Religious Pluralism Considered

He [a Brahman] enquired why God sent the Shastras if they were not to be observed. I answered how do you know that God sent the Hindu Shastras, did he send the Mussulmen’s Koran also? He answered that God had created both Hindus and Mussulmen, and had given them different Ways of Life. I said then God could neither be wise nor unchangeable to do so, and that all such foolish Worship was unworthy of either God or Men.

*

There’s an airline plane
Flies to heaven everyday
Past the pearly gates…

Well a lot of people guess
Some say no and some say yes
Will it take some and leave some behind?

*

1. Introduction: Few questions in either religion or philosophy have so much real-world weight as the question raised by the numerous religious systems of humanity.
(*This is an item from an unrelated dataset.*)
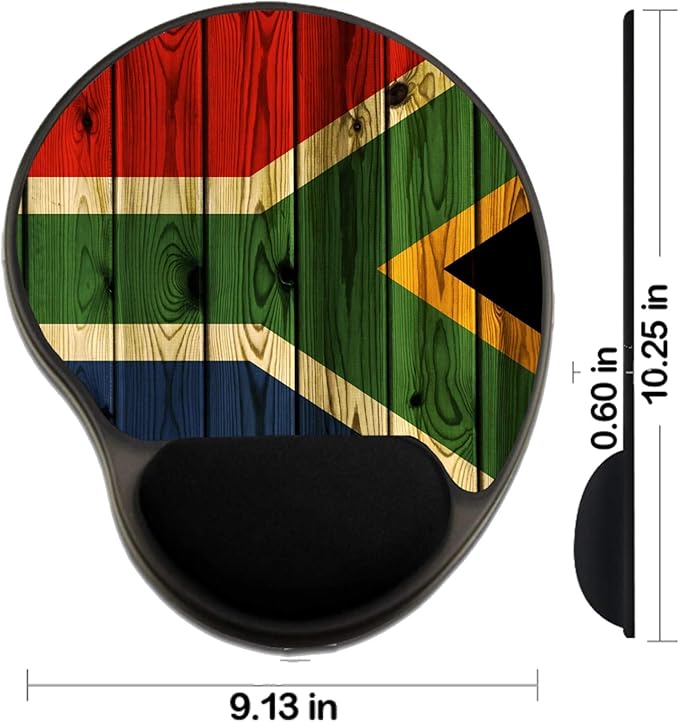 MSD Mousepad Wrist Rest Protected Mouse Pads Mat with Wrist Support A South Africa Flag Painted on a Wooden Wall Photo 8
The nature of religious truth claims is not only a concern for the individual faced with competing religions, but is also an issue for entire nations and peoples faced with conflicts often colored by deeply engrained religious disputes. Religious pluralism, or, more accurately, religious diversity, is brought to the fore most acutely in the direct conflicting interaction of two religions, as in the instance above taken from the journal of the early nineteenth-century Baptist missionary William Carey. It is also an issue in what Basinger refers to as “inter-system” differences within broad theistic systems, such as questions within Christianity over the nature of the ultimate eternal state of humans, a question that finds echo in Woody Guthrie’s “Airline to Heaven.” With the spread of globalism along with the post-Cold War resurgence of religious belief, particularly in the public-sphere, the issue of religious truth claims, exclusivism, and the possibility- or impossibility- of somehow reconciling competing religions remains an absolutely vital one, in terms of both philosophical and practical concern.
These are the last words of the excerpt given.